Shanley S, Ratcliffe J, Hockey A, Haan E, Oley C, Ravine D, Martin N, Wicking C, Chenevix-Trench G
Queensland Institute of Medical Research, Brisbane, Australia.
Am J Med Genet. 1994 Apr 15;50(3):282-90. doi: 10.1002/ajmg.1320500312.

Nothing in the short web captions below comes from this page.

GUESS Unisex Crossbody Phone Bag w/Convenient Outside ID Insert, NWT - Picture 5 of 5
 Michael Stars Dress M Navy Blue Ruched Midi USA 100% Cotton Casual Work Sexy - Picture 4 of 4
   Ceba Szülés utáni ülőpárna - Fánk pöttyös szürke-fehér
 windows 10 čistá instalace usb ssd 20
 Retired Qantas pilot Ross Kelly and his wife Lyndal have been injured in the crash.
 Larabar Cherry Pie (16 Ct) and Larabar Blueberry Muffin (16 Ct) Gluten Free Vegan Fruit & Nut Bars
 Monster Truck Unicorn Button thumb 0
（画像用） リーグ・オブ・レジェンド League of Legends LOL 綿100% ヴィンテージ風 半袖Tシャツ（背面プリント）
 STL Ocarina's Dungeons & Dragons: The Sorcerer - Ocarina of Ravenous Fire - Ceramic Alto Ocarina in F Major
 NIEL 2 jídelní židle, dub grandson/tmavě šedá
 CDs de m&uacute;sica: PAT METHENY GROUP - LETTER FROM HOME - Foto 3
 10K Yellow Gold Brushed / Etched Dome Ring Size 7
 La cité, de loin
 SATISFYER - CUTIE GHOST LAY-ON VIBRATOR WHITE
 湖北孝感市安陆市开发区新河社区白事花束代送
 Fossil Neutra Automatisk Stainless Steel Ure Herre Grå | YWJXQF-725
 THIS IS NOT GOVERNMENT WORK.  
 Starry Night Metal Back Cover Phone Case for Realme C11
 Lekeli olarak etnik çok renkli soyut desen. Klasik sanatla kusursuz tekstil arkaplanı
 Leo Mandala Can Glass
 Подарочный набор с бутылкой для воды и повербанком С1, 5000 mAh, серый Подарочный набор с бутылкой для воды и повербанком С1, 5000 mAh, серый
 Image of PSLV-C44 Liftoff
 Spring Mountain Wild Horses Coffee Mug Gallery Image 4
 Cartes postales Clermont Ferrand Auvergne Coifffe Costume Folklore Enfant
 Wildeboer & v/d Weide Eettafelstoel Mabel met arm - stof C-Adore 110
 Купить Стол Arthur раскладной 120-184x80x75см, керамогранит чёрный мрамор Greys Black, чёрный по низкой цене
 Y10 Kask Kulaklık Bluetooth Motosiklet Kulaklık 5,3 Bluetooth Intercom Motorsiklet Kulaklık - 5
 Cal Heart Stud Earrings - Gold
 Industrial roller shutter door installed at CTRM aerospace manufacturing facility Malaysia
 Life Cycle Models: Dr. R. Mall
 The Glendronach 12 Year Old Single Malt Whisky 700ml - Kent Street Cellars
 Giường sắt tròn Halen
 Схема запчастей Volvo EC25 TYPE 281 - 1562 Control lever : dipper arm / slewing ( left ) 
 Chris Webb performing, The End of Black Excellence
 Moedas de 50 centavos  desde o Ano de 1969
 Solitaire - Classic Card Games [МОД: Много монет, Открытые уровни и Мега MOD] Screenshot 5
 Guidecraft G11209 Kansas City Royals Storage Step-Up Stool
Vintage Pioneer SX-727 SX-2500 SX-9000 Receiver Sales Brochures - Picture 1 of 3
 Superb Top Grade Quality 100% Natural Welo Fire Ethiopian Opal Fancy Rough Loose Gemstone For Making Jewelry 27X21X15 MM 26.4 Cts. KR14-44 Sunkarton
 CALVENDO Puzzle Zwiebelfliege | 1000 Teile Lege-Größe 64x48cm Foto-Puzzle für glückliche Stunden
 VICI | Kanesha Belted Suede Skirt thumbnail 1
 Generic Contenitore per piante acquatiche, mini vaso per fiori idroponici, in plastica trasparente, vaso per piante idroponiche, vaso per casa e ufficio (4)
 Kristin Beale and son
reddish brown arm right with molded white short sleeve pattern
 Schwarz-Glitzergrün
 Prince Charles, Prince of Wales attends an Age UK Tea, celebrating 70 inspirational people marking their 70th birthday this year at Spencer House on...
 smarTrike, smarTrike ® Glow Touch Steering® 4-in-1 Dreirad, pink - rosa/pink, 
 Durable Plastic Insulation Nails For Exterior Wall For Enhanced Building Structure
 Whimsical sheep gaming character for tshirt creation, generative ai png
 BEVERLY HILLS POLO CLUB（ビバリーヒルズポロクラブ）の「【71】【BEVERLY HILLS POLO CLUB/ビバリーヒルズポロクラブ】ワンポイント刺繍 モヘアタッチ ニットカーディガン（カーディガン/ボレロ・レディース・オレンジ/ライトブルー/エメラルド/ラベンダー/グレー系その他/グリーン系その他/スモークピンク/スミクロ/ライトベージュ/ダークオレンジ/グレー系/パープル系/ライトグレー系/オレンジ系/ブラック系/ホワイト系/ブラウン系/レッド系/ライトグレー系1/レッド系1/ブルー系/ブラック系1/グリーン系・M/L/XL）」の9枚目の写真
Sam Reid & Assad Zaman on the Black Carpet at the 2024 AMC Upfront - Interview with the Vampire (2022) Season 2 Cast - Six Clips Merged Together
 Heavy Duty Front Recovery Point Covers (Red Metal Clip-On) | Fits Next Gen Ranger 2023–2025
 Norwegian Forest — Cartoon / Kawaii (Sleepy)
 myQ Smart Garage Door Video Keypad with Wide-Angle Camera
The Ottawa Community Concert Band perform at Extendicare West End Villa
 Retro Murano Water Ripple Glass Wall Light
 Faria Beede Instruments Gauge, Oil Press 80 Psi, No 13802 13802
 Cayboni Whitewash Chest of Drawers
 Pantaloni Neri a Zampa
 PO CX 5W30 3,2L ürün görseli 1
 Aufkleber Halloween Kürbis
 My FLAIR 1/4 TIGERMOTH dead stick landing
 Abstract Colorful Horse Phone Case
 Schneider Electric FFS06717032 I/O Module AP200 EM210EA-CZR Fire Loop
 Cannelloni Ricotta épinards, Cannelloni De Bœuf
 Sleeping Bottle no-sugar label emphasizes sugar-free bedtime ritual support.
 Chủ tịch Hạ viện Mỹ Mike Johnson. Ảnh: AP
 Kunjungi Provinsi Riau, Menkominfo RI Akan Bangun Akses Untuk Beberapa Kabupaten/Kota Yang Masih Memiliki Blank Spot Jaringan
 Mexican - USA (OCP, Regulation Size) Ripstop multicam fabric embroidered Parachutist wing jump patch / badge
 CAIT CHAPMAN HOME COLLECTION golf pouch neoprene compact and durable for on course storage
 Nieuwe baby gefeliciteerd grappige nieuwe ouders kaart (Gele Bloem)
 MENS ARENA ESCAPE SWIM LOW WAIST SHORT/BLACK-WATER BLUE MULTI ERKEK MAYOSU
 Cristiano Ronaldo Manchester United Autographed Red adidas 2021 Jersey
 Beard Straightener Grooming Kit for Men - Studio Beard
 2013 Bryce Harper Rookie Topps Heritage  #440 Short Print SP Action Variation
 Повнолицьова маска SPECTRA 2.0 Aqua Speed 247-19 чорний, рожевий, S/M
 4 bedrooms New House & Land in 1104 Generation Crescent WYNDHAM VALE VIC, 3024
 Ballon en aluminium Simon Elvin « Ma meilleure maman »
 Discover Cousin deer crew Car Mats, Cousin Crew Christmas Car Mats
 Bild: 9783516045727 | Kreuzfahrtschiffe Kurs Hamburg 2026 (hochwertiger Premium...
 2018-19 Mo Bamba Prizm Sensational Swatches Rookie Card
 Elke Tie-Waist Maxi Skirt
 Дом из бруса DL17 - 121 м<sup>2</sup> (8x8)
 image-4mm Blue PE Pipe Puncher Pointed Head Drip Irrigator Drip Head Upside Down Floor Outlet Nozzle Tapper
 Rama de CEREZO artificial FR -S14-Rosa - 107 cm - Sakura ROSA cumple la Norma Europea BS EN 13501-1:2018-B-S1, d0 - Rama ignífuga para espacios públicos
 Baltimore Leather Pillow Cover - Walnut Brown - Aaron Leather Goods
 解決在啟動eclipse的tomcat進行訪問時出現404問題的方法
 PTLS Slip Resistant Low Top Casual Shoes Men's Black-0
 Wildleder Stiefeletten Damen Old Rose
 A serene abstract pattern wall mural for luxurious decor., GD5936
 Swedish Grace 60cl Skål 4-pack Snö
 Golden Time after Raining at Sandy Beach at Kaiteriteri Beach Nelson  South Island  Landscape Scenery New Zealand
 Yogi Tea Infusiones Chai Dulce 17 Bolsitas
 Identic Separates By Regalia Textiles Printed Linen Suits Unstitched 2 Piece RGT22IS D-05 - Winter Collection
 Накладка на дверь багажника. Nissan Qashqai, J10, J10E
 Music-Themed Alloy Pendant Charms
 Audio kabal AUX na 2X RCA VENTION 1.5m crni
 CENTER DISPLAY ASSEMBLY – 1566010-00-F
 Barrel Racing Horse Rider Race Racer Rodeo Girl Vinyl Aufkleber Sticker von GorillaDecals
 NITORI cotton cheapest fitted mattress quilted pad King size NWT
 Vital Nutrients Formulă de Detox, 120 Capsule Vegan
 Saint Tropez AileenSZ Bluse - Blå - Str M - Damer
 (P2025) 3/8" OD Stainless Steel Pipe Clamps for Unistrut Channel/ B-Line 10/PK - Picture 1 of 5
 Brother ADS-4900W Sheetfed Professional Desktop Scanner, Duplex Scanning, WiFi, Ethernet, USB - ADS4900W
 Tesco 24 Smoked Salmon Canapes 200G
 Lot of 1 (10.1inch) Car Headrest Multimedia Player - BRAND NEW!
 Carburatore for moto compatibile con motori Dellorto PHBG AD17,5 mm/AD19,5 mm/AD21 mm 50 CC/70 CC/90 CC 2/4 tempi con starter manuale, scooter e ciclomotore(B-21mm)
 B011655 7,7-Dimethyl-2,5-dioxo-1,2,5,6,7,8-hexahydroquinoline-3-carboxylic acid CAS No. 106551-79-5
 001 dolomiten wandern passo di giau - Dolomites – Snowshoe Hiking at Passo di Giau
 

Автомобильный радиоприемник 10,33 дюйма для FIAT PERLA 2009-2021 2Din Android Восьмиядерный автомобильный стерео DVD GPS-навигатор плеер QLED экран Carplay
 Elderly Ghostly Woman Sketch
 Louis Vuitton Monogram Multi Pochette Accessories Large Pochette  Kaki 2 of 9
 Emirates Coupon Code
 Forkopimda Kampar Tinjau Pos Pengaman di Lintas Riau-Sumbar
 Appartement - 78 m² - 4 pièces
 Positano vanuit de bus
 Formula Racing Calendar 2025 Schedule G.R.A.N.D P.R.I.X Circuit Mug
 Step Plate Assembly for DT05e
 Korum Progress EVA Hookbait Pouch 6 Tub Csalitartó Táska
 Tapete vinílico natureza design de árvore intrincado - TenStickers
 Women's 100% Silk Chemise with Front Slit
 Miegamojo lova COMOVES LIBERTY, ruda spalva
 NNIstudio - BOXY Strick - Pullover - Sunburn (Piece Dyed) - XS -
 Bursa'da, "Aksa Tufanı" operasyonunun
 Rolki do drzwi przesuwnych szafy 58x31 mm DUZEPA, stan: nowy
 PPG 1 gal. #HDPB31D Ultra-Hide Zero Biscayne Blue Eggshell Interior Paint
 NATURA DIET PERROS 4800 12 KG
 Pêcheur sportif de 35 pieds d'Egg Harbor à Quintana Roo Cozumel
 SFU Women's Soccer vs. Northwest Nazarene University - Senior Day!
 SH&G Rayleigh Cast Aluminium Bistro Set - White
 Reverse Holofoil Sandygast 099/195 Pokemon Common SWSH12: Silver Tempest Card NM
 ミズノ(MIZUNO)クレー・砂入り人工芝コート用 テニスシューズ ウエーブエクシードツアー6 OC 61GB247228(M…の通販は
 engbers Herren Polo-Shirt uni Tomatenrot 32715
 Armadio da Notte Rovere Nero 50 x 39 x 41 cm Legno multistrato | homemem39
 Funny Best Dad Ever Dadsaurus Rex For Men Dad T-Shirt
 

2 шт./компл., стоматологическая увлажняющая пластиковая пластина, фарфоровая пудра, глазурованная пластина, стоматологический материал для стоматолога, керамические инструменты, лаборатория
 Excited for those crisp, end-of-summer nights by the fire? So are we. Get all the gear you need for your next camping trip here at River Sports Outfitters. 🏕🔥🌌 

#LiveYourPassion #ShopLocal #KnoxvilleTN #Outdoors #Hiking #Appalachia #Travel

One hundred eighteen cases of nevoid basal cell carcinoma syndrome (NBCCS, Gorlin's syndrome or basal cell nevus syndrome) are presented in this study. In aiming to ascertain all the affected families in Australia, we have examined the largest series to date. Relative frequencies of associated complications are presented and compared with those of the recent English survey by Evans et al. [J Med Genet 30:460-464, 1993]. The frequencies of most manifestations are similar. However, one major difference is that the multiple basal cell carcinomas are manifest from an earlier age in the Australian population, which probably reflects greater exposure to ultraviolet radiation. Of the 64 families ascertained, 37 represented simplex cases, and, accordingly, the apparent new mutation rate is surprisingly high (14-81%) given the lack of impact of NBCCS on reproductive capabilities. There is some evidence to suggest that this may be attributable to anticipation.
本研究报告了118例痣样基底细胞癌综合征(NBCCS,戈林综合征或基底细胞痣综合征)。为了确定澳大利亚所有受影响的家庭,我们检查了迄今为止最大的系列病例。列出了相关并发症的相对频率,并与埃文斯等人最近的英国调查结果进行了比较[《医学遗传学杂志》30:460 - 464,1993年]。大多数表现的频率相似。然而,一个主要差异是,在澳大利亚人群中,多发性基底细胞癌在较早年龄就会出现,这可能反映了对紫外线辐射的更大暴露。在确定的64个家庭中,37个代表单纯病例,因此,鉴于NBCCS对生殖能力没有影响,明显的新突变率出奇地高(14 - 81%)。有一些证据表明,这可能归因于遗传早现。